(Instructions for the task):
The lines to reproduce run from the one containing "Yeni müşterilere özel" through the end of the records below. Reproduce them exactly and add nothing.

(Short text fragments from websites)
::::

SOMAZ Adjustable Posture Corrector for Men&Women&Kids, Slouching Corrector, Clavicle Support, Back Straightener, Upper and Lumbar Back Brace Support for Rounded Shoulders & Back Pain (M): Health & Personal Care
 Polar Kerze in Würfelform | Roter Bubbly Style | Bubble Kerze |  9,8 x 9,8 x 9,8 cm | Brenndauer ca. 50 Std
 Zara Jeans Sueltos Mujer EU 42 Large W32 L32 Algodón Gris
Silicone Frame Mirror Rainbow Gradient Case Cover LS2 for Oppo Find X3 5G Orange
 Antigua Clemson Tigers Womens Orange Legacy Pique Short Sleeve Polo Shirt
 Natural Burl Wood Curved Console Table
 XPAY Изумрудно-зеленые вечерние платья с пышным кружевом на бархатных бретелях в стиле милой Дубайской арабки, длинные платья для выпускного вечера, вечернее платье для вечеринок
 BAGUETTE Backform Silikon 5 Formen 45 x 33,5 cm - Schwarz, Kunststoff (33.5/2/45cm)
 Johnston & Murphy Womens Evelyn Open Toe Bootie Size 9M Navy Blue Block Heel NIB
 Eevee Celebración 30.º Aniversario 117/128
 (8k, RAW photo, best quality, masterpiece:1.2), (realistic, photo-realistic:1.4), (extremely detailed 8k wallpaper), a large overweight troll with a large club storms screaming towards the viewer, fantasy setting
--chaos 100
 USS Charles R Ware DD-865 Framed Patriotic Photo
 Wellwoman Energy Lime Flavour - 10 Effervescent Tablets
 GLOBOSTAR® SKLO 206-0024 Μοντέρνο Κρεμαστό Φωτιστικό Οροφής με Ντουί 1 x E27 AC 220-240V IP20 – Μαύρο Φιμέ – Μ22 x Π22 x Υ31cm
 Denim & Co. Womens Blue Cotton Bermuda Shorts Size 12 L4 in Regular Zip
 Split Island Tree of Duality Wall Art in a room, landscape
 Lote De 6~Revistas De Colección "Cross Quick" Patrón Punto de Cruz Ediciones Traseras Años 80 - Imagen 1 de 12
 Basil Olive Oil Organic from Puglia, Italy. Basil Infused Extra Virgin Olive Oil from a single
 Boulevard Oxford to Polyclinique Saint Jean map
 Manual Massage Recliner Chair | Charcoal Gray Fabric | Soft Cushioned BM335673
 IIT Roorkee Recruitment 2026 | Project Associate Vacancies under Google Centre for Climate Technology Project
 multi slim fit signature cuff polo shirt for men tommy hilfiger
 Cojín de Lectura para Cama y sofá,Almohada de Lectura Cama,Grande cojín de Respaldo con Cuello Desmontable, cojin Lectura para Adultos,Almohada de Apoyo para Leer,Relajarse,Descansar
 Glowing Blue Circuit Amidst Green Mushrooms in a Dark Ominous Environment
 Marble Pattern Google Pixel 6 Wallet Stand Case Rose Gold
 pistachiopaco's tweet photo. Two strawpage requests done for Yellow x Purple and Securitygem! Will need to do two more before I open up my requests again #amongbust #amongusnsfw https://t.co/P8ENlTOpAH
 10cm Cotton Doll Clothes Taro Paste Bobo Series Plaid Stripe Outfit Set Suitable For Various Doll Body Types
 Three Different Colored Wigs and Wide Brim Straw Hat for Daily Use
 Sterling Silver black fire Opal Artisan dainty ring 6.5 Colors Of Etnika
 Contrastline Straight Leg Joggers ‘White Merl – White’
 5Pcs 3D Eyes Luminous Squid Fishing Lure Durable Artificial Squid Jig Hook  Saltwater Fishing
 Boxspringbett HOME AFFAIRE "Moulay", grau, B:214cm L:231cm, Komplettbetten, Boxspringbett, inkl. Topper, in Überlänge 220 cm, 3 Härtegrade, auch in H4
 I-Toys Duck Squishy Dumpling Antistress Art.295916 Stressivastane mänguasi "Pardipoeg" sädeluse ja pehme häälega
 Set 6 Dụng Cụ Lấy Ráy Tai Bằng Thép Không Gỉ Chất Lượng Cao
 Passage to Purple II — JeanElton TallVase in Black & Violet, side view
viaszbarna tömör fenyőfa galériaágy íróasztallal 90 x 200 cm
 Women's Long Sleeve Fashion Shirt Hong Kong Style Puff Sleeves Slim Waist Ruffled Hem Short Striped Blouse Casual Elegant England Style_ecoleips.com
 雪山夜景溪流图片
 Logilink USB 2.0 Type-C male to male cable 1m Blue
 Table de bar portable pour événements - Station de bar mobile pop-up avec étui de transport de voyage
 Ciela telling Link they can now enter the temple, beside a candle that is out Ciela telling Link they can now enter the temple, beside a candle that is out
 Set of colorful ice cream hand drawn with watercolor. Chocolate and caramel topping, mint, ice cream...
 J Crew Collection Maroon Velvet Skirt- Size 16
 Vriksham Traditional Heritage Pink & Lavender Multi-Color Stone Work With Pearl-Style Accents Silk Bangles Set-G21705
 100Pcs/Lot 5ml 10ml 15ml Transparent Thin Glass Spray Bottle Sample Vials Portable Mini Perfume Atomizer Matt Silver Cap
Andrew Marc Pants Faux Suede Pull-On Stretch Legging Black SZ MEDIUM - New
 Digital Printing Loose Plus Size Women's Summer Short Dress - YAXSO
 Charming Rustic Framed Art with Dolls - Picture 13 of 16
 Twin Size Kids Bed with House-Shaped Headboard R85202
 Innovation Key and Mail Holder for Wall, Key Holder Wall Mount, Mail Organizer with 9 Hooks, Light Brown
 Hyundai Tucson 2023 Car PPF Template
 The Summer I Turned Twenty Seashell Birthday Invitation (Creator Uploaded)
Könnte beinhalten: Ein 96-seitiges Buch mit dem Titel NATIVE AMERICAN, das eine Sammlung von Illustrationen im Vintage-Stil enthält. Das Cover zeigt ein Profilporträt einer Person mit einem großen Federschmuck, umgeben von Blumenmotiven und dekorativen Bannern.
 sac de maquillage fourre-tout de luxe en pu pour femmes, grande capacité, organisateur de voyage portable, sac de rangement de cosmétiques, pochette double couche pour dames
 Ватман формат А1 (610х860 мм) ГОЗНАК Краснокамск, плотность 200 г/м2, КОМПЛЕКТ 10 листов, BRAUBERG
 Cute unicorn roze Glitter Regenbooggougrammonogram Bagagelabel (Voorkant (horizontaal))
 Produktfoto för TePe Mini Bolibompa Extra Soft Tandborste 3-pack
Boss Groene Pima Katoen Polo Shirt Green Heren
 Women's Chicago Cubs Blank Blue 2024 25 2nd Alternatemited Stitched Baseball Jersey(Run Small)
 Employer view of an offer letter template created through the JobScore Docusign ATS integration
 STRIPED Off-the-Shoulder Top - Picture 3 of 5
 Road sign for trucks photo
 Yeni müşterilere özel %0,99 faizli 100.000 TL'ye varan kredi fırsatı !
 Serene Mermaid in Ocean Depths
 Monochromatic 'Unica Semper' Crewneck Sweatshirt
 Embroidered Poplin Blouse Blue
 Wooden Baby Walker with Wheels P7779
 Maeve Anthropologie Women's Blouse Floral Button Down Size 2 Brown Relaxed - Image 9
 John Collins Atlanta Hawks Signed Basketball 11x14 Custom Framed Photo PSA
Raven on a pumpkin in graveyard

::::

(Problem solution):
 Yeni müşterilere özel %0,99 faizli 100.000 TL'ye varan kredi fırsatı !
 Serene Mermaid in Ocean Depths
 Monochromatic 'Unica Semper' Crewneck Sweatshirt
 Embroidered Poplin Blouse Blue
 Wooden Baby Walker with Wheels P7779
 Maeve Anthropologie Women's Blouse Floral Button Down Size 2 Brown Relaxed - Image 9
 John Collins Atlanta Hawks Signed Basketball 11x14 Custom Framed Photo PSA
Raven on a pumpkin in graveyard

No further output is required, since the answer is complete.